== Supplied records
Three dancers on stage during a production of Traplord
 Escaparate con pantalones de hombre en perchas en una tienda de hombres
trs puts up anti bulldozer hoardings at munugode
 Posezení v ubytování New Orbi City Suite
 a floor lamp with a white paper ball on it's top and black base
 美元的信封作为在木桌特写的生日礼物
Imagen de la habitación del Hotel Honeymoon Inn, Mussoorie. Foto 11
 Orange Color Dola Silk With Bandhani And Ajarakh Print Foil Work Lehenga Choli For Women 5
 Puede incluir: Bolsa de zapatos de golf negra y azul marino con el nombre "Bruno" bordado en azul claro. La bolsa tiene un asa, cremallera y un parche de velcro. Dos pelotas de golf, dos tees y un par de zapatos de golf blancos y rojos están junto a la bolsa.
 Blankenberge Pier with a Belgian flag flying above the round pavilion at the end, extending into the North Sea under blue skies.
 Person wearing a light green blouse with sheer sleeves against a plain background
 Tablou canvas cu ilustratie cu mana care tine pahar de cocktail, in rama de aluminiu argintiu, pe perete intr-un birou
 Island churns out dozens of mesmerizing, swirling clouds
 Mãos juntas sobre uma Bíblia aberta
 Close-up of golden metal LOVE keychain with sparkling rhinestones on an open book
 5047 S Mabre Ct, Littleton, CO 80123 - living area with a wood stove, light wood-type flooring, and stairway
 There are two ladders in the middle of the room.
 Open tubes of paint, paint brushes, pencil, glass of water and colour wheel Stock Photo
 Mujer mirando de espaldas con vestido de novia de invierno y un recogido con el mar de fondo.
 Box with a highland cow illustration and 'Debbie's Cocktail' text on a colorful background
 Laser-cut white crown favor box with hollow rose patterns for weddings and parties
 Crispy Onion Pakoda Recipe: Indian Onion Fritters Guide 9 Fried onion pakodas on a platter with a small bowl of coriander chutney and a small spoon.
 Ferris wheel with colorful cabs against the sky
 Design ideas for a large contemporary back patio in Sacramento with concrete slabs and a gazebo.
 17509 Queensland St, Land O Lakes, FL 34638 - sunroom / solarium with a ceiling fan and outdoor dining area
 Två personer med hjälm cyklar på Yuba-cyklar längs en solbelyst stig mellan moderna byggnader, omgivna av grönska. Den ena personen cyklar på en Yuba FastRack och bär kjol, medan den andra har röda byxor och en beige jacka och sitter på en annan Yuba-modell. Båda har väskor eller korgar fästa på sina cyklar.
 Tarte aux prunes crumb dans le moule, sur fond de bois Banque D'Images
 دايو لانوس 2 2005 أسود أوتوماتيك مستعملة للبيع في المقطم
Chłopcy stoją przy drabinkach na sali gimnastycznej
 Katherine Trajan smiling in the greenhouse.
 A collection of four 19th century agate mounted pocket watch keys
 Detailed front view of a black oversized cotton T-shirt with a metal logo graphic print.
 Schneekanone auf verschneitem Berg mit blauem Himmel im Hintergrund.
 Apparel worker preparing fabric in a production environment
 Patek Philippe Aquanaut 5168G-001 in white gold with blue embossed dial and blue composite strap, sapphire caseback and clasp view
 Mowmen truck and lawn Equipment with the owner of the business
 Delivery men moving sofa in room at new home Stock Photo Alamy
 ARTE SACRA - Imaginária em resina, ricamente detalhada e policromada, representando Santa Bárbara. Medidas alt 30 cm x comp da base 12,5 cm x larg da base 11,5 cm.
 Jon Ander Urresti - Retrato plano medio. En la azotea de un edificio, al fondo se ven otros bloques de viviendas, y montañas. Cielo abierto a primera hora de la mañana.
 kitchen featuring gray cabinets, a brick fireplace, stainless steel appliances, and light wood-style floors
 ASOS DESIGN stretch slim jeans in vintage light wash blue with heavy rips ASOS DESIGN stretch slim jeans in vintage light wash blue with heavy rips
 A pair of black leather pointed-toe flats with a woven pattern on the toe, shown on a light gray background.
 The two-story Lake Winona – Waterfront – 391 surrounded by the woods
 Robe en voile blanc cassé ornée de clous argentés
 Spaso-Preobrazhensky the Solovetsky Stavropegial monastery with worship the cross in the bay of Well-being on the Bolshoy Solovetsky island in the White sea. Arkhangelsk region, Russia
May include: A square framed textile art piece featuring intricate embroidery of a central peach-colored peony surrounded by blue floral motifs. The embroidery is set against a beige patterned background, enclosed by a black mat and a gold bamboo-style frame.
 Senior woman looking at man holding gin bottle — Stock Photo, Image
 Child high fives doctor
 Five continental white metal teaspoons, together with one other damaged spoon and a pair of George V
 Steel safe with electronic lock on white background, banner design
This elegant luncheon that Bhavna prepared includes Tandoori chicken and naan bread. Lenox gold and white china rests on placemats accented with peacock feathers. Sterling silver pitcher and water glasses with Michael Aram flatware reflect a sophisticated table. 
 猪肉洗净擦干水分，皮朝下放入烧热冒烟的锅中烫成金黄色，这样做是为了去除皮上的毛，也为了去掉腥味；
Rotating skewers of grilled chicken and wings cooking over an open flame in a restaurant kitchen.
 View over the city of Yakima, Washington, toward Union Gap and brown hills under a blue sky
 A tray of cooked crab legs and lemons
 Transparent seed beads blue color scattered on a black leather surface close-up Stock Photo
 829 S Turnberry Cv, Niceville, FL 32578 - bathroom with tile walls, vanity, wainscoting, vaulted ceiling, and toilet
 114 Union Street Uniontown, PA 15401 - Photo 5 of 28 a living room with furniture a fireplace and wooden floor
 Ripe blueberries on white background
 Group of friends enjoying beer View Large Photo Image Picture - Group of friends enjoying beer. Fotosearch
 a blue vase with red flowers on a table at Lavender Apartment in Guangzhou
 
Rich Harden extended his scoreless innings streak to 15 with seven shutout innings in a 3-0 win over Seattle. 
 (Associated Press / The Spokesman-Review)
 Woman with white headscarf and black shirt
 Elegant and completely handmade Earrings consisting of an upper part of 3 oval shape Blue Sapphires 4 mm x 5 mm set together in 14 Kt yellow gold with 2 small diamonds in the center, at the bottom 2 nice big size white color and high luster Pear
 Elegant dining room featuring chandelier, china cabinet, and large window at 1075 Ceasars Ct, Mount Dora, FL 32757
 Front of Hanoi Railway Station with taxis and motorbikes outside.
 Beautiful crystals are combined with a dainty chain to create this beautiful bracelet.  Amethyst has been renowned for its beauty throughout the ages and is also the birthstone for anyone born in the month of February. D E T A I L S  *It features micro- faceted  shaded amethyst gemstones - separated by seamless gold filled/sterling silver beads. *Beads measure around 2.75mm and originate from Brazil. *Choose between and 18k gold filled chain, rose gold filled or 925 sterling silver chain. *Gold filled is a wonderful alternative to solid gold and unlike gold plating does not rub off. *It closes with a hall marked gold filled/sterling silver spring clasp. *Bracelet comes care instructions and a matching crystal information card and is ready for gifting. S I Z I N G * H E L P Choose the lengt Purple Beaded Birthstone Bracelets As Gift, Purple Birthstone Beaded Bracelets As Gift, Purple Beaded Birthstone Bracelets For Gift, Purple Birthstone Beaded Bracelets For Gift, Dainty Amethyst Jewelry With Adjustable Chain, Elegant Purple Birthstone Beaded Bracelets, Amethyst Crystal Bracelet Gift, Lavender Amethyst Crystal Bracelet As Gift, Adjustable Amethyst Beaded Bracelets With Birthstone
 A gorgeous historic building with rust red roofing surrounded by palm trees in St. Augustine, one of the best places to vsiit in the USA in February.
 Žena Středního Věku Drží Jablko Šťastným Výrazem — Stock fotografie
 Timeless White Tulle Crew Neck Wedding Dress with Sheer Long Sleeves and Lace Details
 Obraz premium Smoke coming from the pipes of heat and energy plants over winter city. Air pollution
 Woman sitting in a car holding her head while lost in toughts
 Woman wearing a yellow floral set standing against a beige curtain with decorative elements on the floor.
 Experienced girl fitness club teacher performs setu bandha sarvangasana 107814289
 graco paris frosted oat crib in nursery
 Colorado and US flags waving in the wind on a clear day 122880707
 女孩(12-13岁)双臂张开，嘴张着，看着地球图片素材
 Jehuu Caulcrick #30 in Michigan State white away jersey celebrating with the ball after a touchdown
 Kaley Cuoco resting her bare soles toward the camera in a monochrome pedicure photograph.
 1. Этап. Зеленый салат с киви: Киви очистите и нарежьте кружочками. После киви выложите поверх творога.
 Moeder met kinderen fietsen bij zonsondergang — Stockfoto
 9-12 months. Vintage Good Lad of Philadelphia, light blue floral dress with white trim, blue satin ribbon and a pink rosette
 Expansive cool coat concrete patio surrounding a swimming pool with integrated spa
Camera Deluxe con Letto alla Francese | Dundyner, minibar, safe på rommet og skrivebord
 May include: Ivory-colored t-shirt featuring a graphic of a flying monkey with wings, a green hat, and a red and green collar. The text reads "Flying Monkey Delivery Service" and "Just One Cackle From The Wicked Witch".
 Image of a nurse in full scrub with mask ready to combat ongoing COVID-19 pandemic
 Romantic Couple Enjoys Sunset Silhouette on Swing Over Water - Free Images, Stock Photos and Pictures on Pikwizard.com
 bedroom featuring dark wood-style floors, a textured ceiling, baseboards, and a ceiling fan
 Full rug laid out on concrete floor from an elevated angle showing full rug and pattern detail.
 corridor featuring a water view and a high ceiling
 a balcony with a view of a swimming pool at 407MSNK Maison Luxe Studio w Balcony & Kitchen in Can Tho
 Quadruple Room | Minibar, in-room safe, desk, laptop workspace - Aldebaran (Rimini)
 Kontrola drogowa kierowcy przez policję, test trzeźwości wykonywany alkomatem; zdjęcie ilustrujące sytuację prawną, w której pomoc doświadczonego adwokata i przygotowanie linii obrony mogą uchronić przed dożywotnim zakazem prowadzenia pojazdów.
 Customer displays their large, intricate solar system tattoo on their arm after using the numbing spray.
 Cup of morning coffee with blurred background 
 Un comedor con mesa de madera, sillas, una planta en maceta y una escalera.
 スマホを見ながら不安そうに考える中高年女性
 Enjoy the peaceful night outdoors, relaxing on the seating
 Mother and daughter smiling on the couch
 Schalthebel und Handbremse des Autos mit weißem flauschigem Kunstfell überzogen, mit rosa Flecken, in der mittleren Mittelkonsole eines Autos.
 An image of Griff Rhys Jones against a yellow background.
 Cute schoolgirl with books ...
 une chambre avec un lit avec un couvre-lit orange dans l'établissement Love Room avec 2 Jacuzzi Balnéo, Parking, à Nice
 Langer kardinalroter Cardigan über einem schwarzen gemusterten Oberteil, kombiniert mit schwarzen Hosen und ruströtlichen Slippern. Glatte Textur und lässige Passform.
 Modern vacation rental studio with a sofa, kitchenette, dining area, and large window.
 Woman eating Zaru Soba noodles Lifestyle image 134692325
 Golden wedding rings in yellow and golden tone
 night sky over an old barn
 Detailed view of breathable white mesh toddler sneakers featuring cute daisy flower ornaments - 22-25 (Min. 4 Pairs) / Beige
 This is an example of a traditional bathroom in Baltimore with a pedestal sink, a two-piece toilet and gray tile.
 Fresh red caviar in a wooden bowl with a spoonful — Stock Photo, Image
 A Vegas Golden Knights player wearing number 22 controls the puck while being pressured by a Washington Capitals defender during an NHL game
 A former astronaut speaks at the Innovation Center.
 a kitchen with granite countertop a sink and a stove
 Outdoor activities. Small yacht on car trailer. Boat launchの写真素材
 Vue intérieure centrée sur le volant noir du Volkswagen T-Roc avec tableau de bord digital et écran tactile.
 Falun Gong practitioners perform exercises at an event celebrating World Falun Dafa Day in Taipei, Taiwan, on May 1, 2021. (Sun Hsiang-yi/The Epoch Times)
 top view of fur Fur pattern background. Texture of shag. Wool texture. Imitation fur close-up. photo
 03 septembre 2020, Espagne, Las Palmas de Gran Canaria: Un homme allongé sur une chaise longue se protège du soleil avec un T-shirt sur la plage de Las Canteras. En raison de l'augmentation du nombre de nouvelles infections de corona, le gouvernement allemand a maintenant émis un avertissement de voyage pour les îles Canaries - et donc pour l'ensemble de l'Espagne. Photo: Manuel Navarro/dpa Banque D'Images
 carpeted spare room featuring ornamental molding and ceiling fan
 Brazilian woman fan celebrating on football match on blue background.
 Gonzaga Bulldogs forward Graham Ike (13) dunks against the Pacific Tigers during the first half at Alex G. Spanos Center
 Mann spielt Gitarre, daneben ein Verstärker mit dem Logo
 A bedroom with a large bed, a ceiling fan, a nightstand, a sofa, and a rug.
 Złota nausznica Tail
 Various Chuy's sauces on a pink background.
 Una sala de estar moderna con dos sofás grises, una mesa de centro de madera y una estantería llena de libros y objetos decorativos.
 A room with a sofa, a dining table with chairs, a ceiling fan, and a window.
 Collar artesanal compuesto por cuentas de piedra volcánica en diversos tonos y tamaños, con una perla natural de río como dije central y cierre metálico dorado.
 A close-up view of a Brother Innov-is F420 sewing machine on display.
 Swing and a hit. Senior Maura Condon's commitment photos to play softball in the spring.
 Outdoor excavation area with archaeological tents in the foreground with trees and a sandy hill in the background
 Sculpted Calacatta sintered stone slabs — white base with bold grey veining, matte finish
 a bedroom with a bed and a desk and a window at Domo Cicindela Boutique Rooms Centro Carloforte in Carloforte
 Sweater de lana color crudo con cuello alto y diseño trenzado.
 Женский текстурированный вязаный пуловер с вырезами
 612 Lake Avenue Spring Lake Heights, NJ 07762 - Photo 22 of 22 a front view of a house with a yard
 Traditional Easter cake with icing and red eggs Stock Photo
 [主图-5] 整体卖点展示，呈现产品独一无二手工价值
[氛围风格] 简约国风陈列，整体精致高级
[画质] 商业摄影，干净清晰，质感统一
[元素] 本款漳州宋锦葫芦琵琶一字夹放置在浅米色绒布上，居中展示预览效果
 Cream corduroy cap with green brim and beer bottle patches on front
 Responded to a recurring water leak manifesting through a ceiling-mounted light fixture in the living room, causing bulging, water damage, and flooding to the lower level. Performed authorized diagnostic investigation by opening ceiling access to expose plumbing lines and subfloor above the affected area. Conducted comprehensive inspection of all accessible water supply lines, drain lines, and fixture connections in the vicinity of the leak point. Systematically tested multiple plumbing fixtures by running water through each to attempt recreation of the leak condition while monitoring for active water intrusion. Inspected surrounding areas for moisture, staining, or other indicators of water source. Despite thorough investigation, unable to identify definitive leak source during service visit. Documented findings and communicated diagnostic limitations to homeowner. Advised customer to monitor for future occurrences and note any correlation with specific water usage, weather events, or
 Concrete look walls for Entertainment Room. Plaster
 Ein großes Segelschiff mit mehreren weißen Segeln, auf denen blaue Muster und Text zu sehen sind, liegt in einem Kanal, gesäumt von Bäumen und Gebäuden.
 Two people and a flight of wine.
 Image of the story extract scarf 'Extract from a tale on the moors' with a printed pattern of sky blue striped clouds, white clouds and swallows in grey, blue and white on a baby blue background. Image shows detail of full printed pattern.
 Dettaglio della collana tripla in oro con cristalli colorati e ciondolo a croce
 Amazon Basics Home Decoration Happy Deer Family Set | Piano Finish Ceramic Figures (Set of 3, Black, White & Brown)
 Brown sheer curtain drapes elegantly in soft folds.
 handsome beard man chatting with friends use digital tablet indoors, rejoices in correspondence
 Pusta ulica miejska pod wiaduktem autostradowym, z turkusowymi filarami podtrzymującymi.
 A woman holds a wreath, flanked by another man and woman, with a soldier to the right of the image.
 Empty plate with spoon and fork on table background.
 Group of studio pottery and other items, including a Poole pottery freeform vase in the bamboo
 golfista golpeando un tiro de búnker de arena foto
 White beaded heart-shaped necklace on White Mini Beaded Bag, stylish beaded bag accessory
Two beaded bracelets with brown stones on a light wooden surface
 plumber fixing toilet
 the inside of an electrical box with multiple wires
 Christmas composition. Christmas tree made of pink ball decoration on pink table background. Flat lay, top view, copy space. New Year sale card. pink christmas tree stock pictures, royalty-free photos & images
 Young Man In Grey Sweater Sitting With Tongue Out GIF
====
- **Problem to work on**
Find the string "madera" in the entries above and return each line that holds it.

- **Output for this task**
 Un comedor con mesa de madera, sillas, una planta en maceta y una escalera.
 Una sala de estar moderna con dos sofás grises, una mesa de centro de madera y una estantería llena de libros y objetos decorativos.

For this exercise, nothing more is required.